John E. Norem jenorem at cox.net
Sun Oct 30 07:33:11 PDT 2011


Apologies if this has been brought up before. I watched it this morning on netflix and think that it's worth a viewing.

In this hard-hitting but humorous documentary, director Jamie Johnson takes the exploration of wealth that he began in Born Rich one step further. The One Percent, refers to the tiny percentage of Americans who control nearly half the wealth of the U.S. Johnson's thesis is that this wealth in the hands of so few people is a danger to our very way of life. Johnson captures his story through personal interviews with Robert Reich, Adnan Khashoggi, Bill Gates Sr., and Steve Forbes, during which both Johnson's and his subjects' knowledge and humor shine. And he's not afraid to butt heads with Milton Friedman, the economist who coined the term "the trickledown effect." He also shows how the other half lives, using real-world examples of the wealth gap: he takes a tour of a dilapidated housing project in Chicago, rides around with an enlightened taxi driver, and sees the human toll of the unfair economics of the Florida sugar industry.

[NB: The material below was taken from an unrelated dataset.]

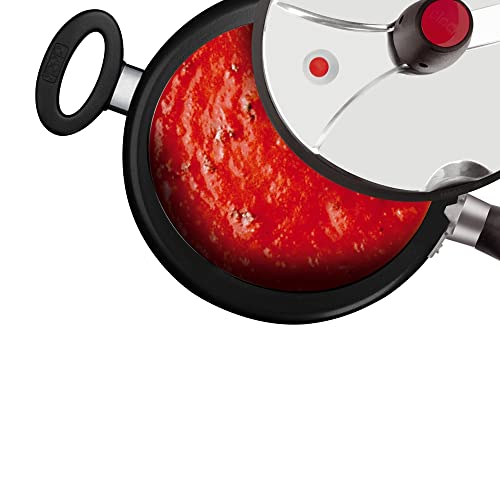 Panela de Pressão Revestida 4,5L Fechamento Interno, Clock 9295302824, Preto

Johnson's film is at its most powerful when it reveals how the super-rich work to preserve their own monetary dominance. As a member of the "Johnson & Johnson" family, he gets rare access to an exclusive wealth conference at which the über rich learn strategies for preserving their fortunes, and learns the personal management styles of some of the countries wealthiest employers. No great society has survived such a massive wealth gap; who knows if ours will?/Written bySchafer, Nancy <http://www.imdb.com/search/title?plot_author=Schafer,%20Nancy&view=simple&sort=alpha>/

http://www.imdb.com/title/tt0819791/plotsummary

-- Adorno: "And in that sense the difference between thinking and eating roast goose is not so very great. The one thing can stand in for the other."

Horkheimer: "But eating roast goose is not the same thing as doing theory."